The monks were enraged by what Earl Percy had done. They had all rejoiced when King Stephen had given the priory unlimited free timber and stone, and now they were scandalized that Percy should defy the king’s order.

When the protests died down, however, Remigius had another point to make. “I remember saying this a year ago,” he began. “The pact according to which the quarry is owned by the earl but we have quarrying rights was always unsatisfactory. We should have held out for total ownership.”

The fact that there was some justice in this remark did not make it any easier for Philip to swallow. Total ownership was what he had agreed with Lady Regan, but she had cheated him out of it at the last minute. He was tempted to say that he had got the best deal he could, and he would like to see Remigius do any better in the treacherous maze of the royal court; but he bit his tongue, for he was, after all, the prior, and he had to take responsibility when things went wrong.

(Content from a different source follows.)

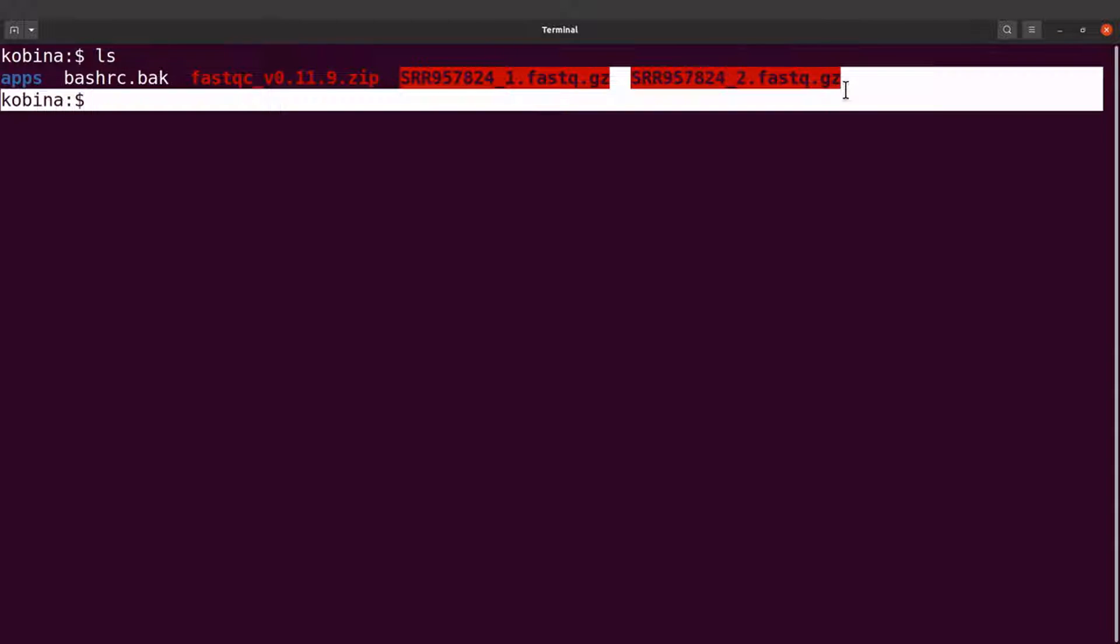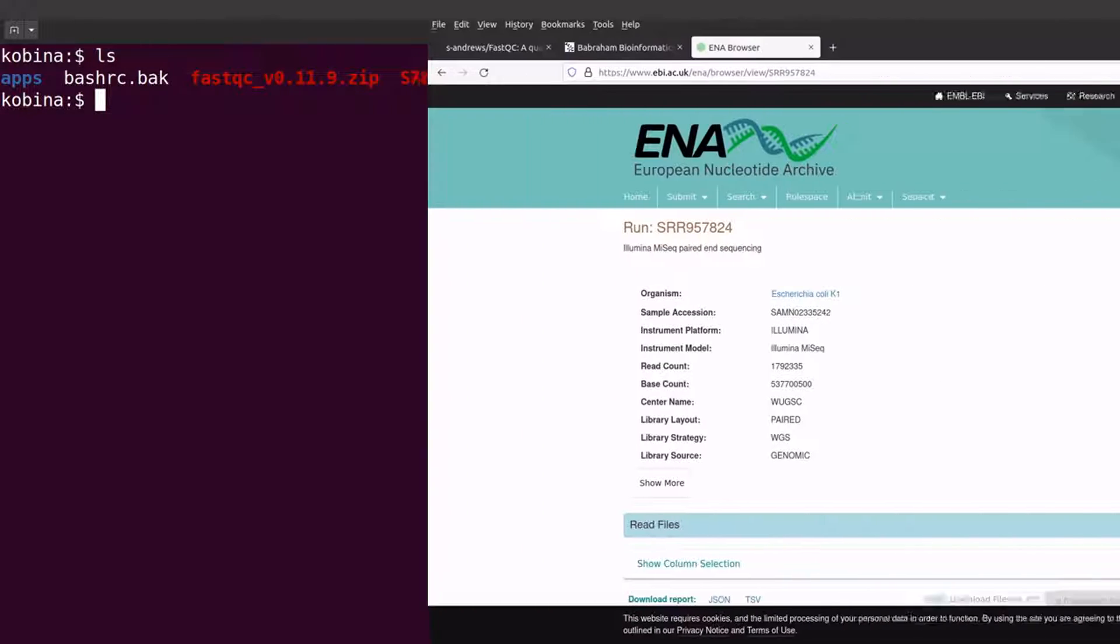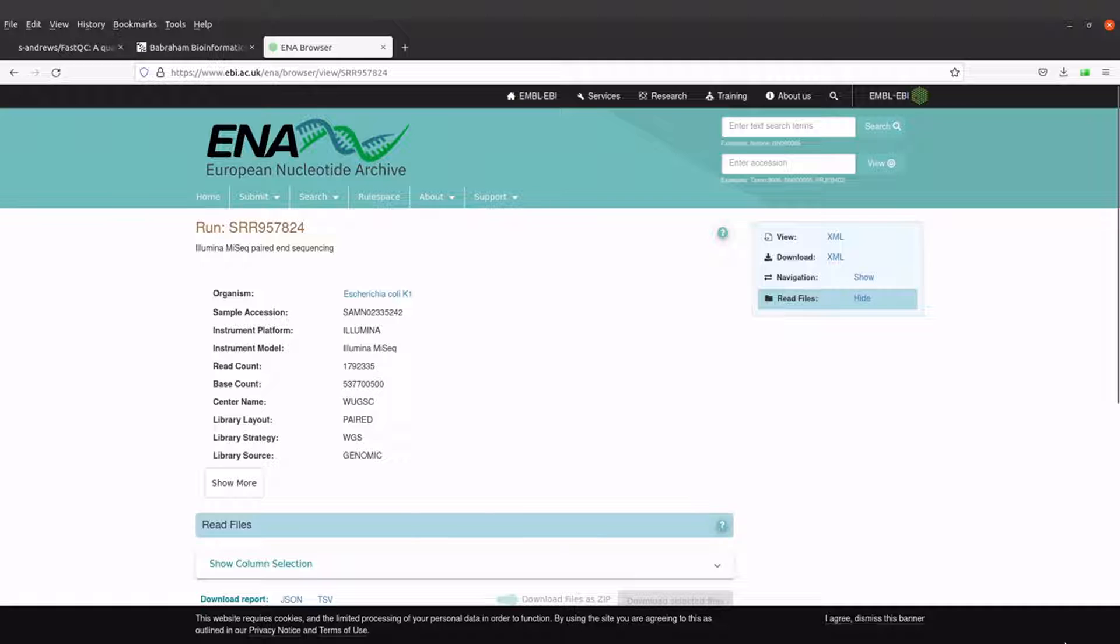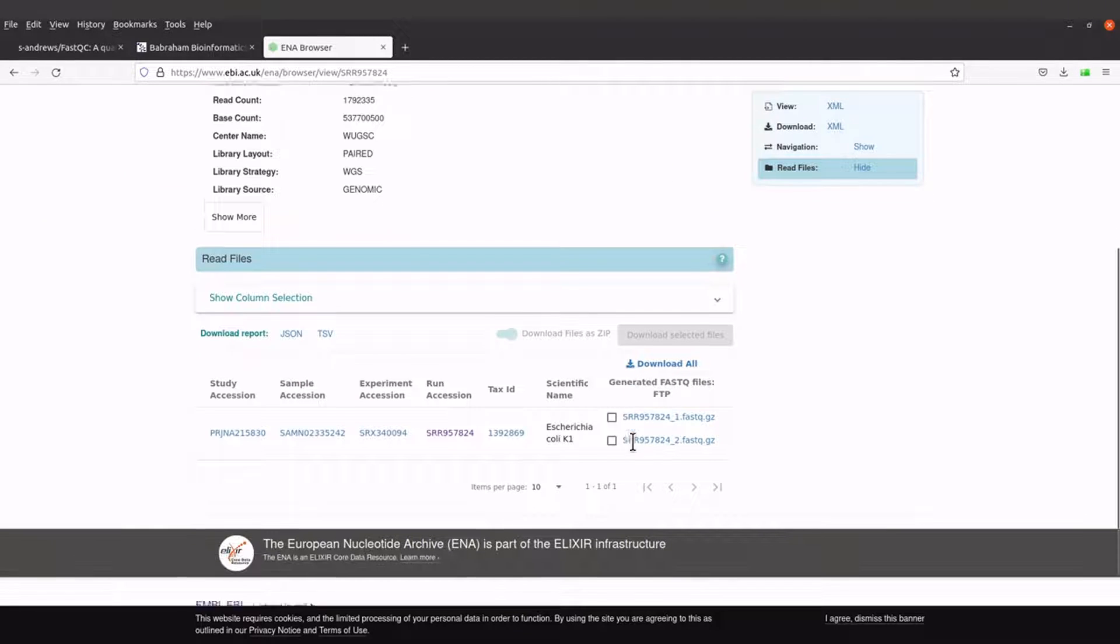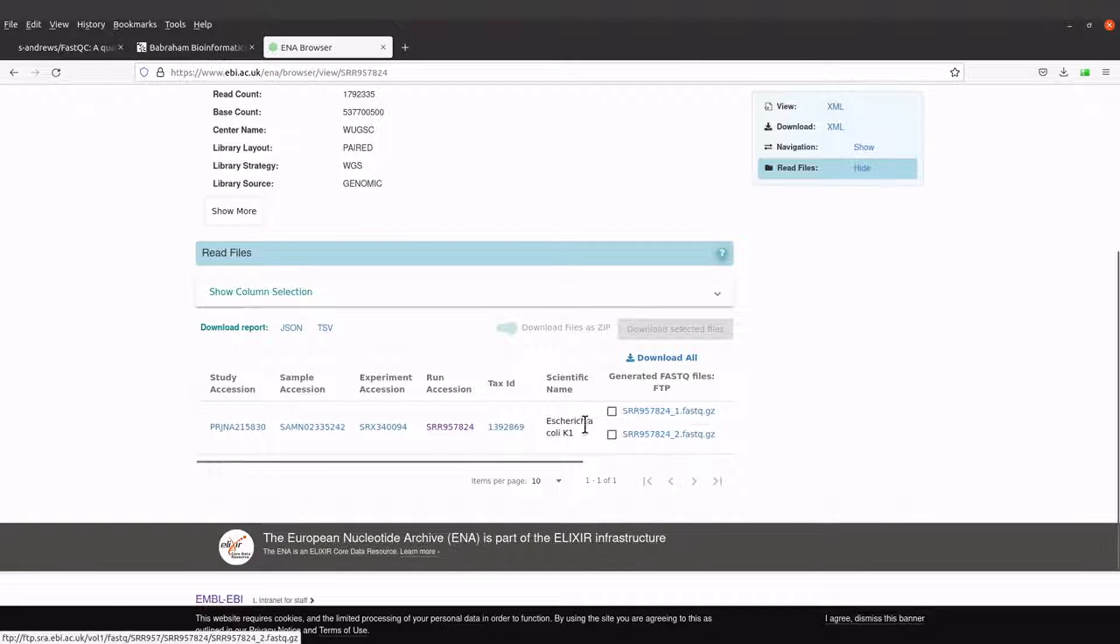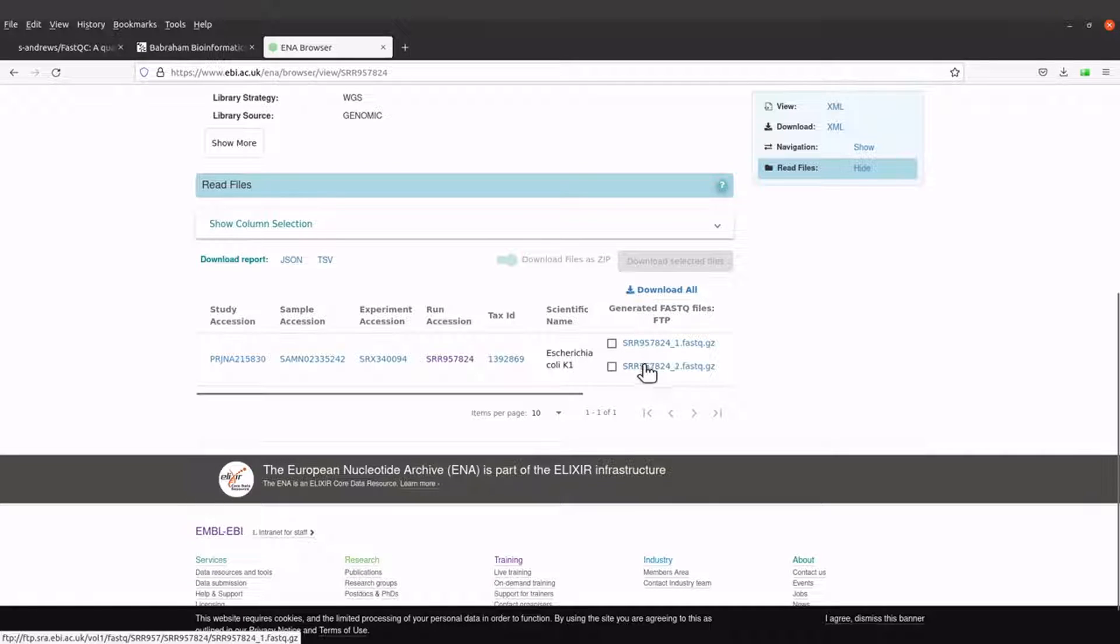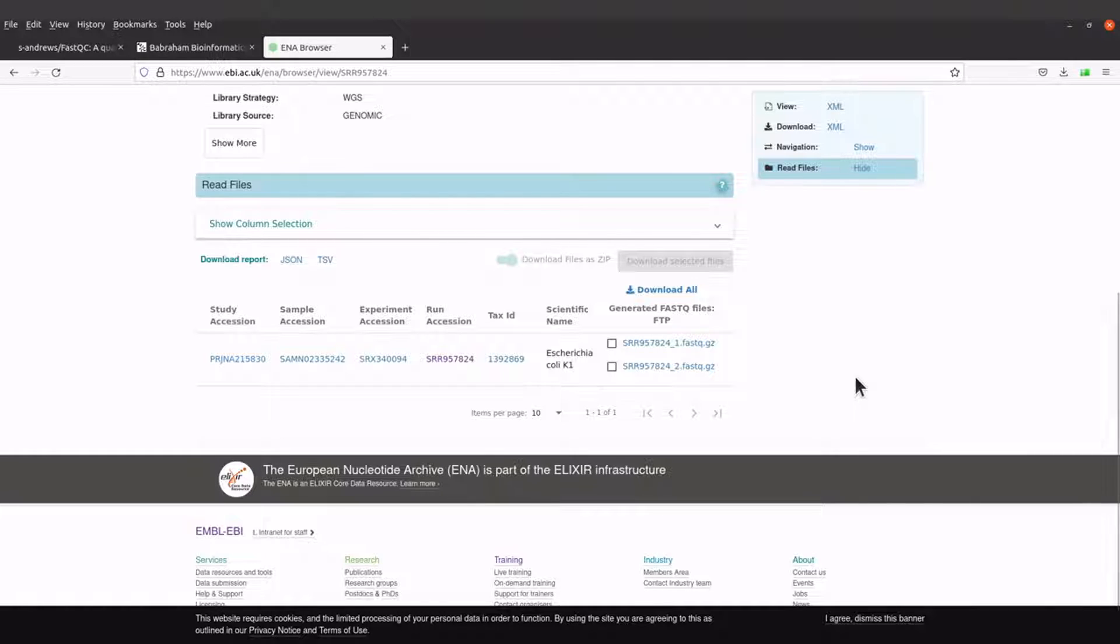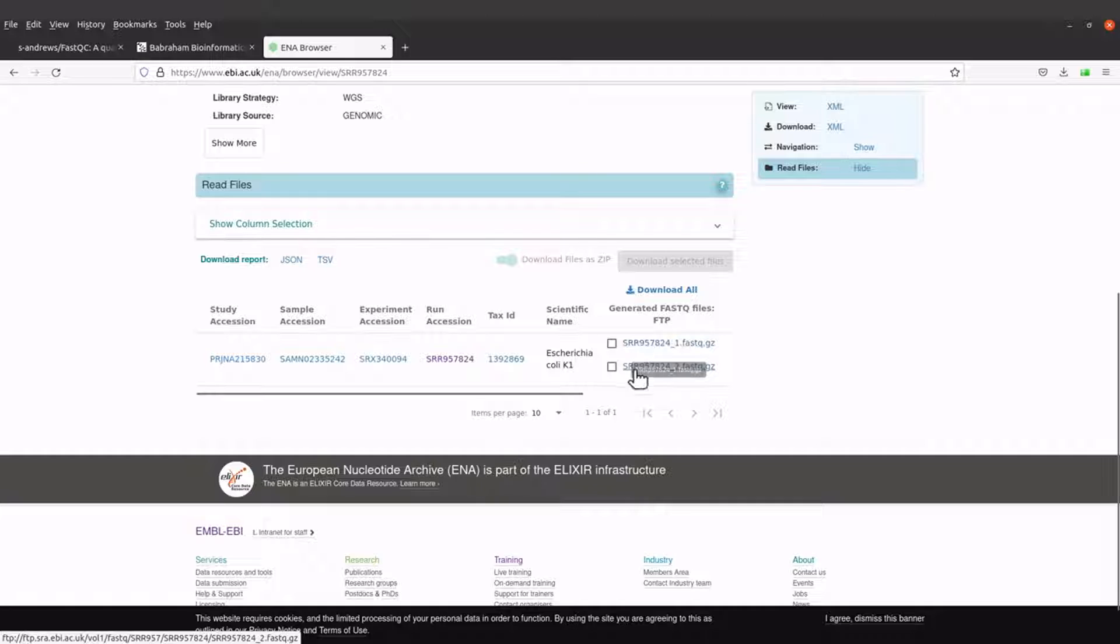These are the files that I'm going to use. The data is available on the European Nucleotide Archive database. I'll leave the link to this page in the description box. When you are here, just scroll down and you see the data. This is Illumina sequence data. These are paired-end reads, so we are going to use both of these.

Milius came to his rescue. “It’s all very well to wish the king had given us outright ownership of the quarry, but he didn’t, and the main question is, what do we do now?”

“I should think that’s fairly obvious,” Remigius said immediately. “We can’t expel the earl’s men ourselves, so we’ll have to get the king to do it. We must send a deputation to him and ask him to enforce his charter.”

There was a murmur of agreement. Andrew, the sacrist, said: “We should send our wisest and most fluent speakers.”

Philip realized that Remigius and Andrew saw themselves as leading the delegation.

Remigius said: “After the king hears what has happened, I don’t think Percy Hamleigh will be earl of Shiring much longer.”

Philip was not so sure of that.

“Where is the king?” Andrew said as an afterthought. “Does anybody know?”